A pragmatic look at functional programming: The immutability orientation (Part 1/3)
Functional Programming has been getting more and more attention over the last few years. But what is it exactly? Is it just a bunch of new programming languages? Is it a different way of coding? Can it really make a difference to our business?
Three years ago we decided to upgrade the architecture of our Poker product, and we considered functional programming as an option to move forward. We needed to understand the reality behind all the hype, to determine whether it was the right move or not, both from a technical and from a business perspective.
There was plenty we liked about it, but we all agreed on four very significant aspects:
• Immutability orientation
• High level of abstraction
• Much easier parallelism
• Simpler and faster testing
In classic object oriented programming, instances are generally stateful and can be accessed and modified by concurrent threads. This is what is known as shared mutable state, which is widely regarded as the root of all evil. It can (and will) lead to unexpected state, unpredictable side effects, and unanticipated errors. Keeping shared mutable state under control is not easy; large applications tend to get more and more complex as they grow.
Functional programming is heavily oriented to immutability, which means that by default object instances cannot change and functions don’t have side effects — they simply calculate values (as opposed to OOP, where objects are normally mutable and methods almost always introduce side effects).

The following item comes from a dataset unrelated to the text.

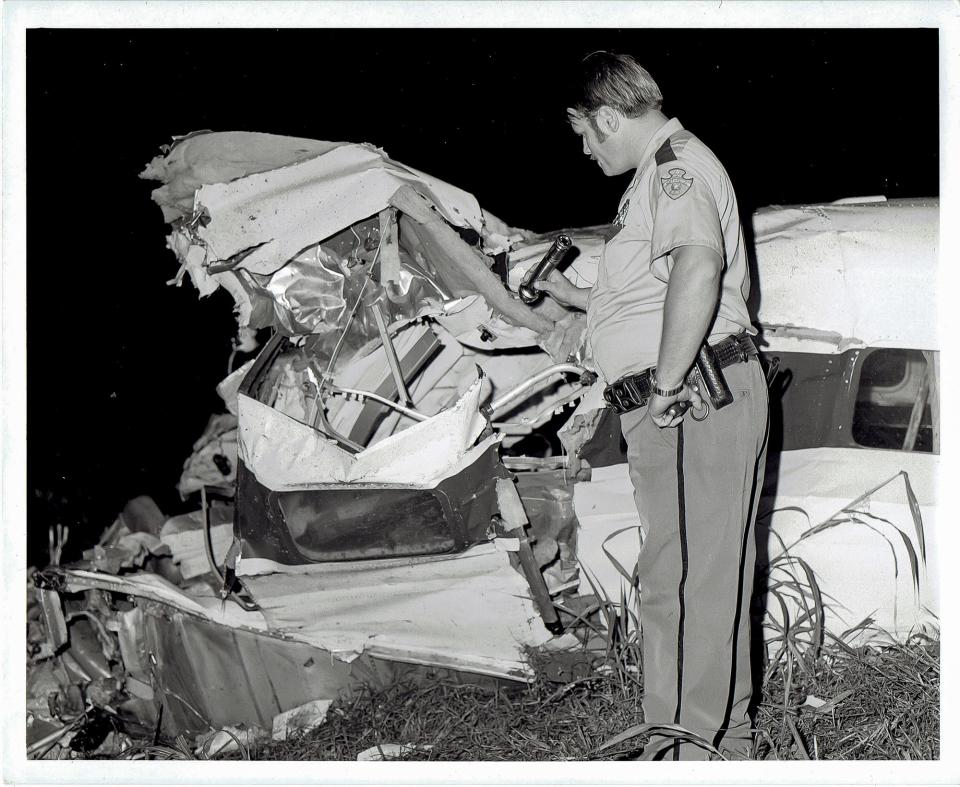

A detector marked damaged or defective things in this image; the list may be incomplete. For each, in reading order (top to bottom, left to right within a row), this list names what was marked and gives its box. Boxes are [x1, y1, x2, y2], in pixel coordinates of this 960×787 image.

wrecked airplane [28, 132, 936, 756]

Of course we need side effects for our software to be able to do something other than calculate values, but what tends to happen is that with FP, mutable state and side effects are well delimited and reduced to the bare minimum, and the rest are pure functions offering different views of your data.
Yes, you can have immutability and pure functions with OOP, particularly now that object oriented languages are quickly adopting functional principles. But it does not come naturally — you have to carefully (and repeatedly) enforce it, making your code complex and verbose. In the end, what typically happens is that in OOP projects you end up having plenty of mutable state and side effects, and maybe a few pure functions here and there. Functional languages are built with immutability in mind and this and other principles do not need to be artificially enforced.